- **The task**: Your answer should repeat exactly the lines from the one holding "Collier dégradé de" through the end of the data, and it should contain no pictures.

- **Provided material**:
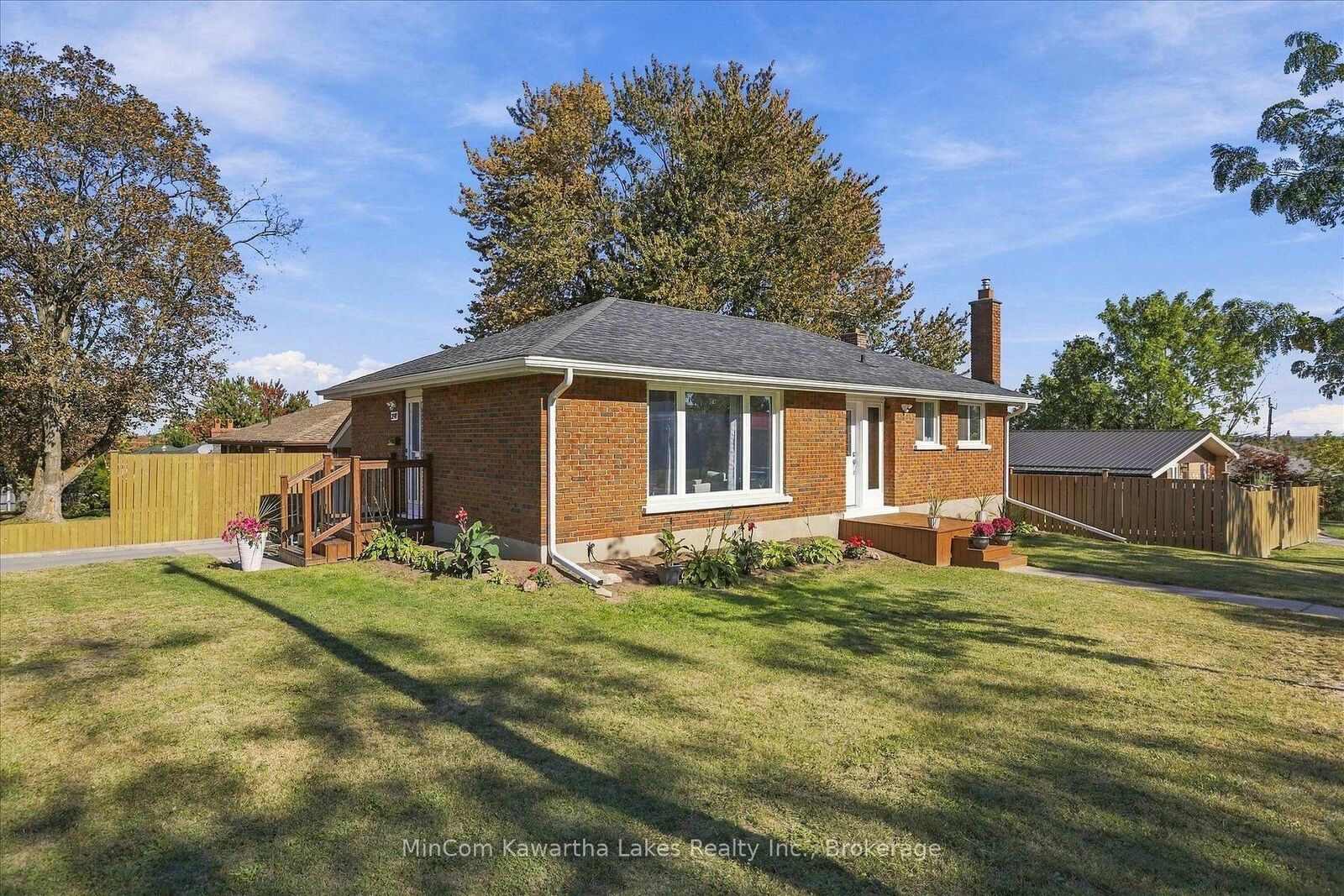 Property Photo:  398 Applegrove Avenue  ON K9H 5L7 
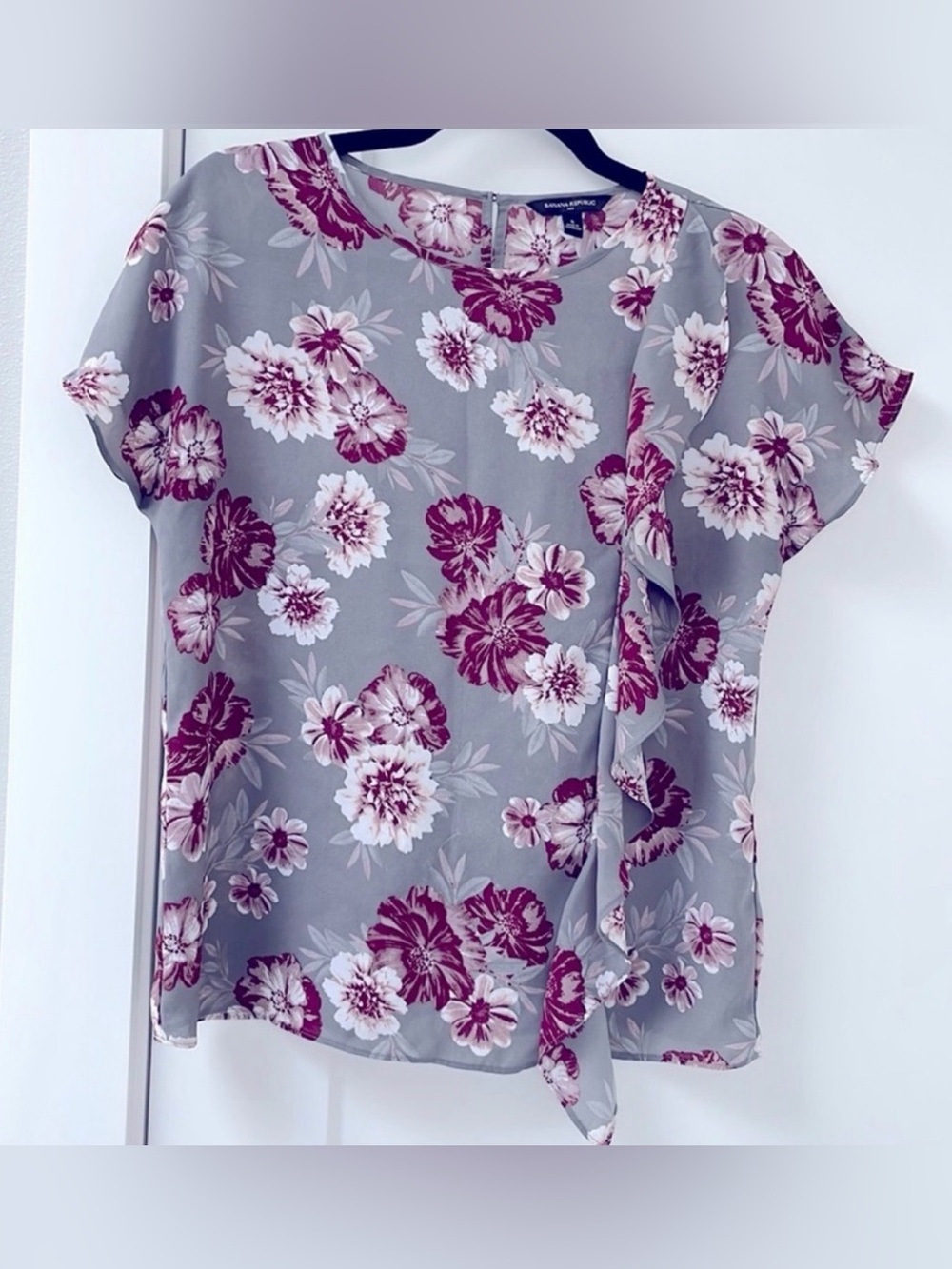 Banana Republic Floral Ruffle Blouse Size XS
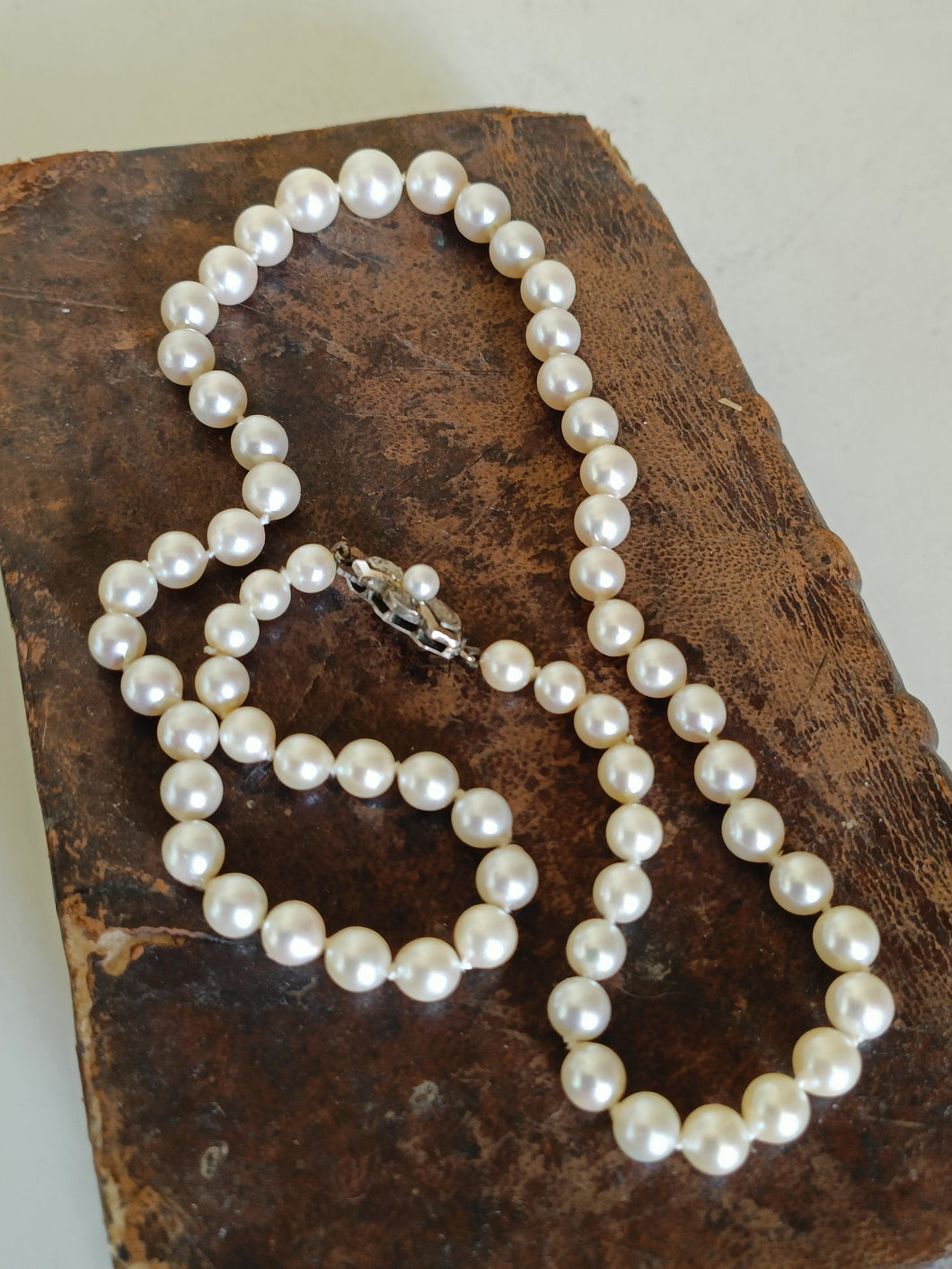 Collier dégradé de perles de culture rosée, avec fermoir en argent massif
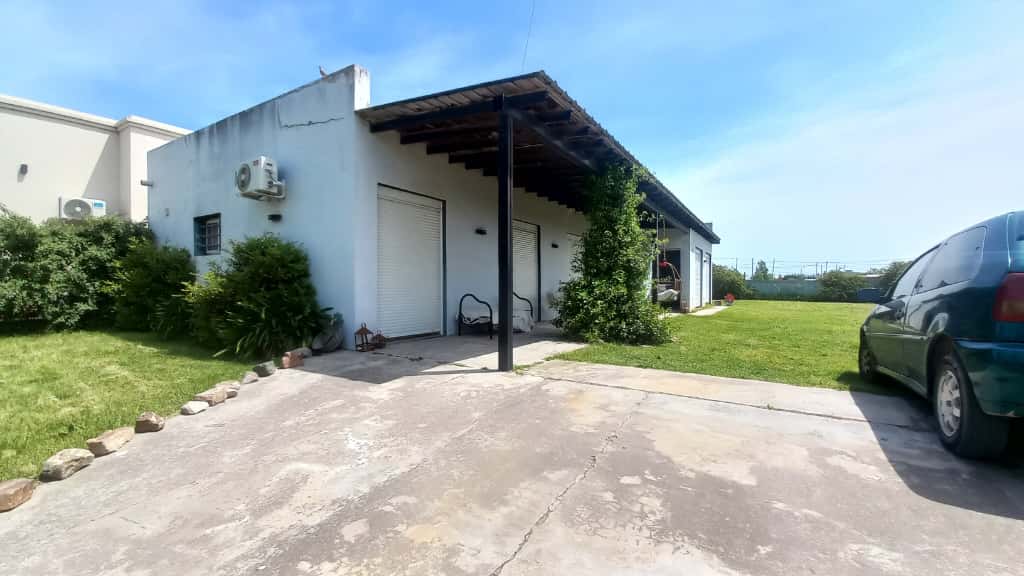 Casa en Villa Aurora con 3 dormitorios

- **Response area**:
 Collier dégradé de perles de culture rosée, avec fermoir en argent massif
 Casa en Villa Aurora con 3 dormitorios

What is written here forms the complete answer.